The August 1992 issue of Ped Neur Briefs included 3 articles on hyperekplexia. An additional report from the Hammersmith Hospital, London illustrates the difficulties of clinical diagnosis of startle disease (hyperekplexia). At 1 hour after birth the infant had generalized jerks diagnosed as convulsions and treated with phenobarbitone. She had pronounced truncal hypotonia, but on day 3 she developed hypertonia in the limbs, exaggerated tendon reflexes, and jitteriness. The hypertonia diminished during sleep but increased when she was touched. Jerks and stiffening were precipitated by handling, tapping, and especially by turning to the prone position. Pyridoxine and phenobarbitone reduced the frequency and severity of the attacks but did not relieve the touch-induced myoclonus. Clonazepam introduced on day 28 controlled the symptoms. Forcible flexion of the infant also stopped the jerks and stiffening. The measurement of CSF GABA concentration may be helpful in the diagnosis. [1]

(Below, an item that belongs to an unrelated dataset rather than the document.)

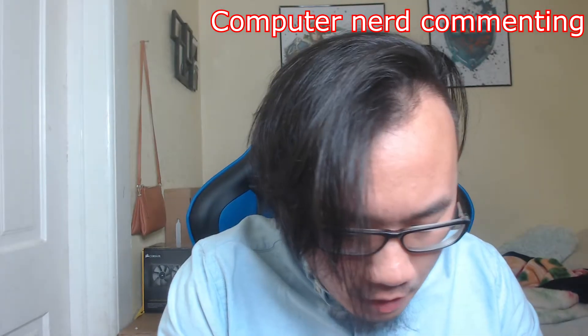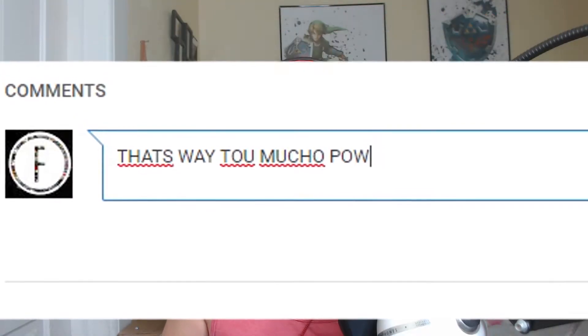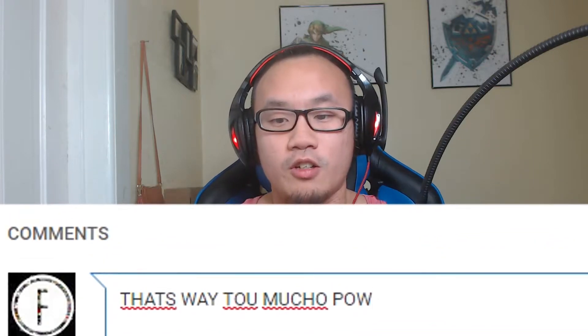Some of you guys might be out there typing in the comments saying 'oh, that's a little bit too much' — hey, hey, hey, what are you doing? Who's typing this? I see you nerds out there trying to comment saying this is a little bit overkill for a computer build.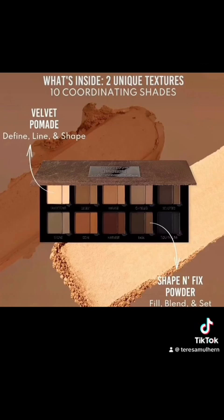You can really see that they have properly coordinating shades — your velvet pomade and the shape and fix powder. It makes sense that they've given a little bit less for the powder, because you don't need as much of that as you do of a pomade formula. I love this. I can see some gray-leaning things — we have a little bit of contour, we have some bronzy bits.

COMMENT. I am startled by the unexplained rash of recent articles on hyperekplexia! Ryan SG et al. have studied 4 large clonazepam-responsive families with a hereditary hyperekplexia, using a panel of chromosome 5q polymorphic DNA markers. “Multilocus linkage analysis in each family confirms the previous chromosomal assignment of hyperekplexia to chromosome 5q. The hypothesis that a mutation in a GABA-receptor subunit causes hyperekplexia is particularly attractive in view of the long term benzodiazepine responsiveness of the disorder.”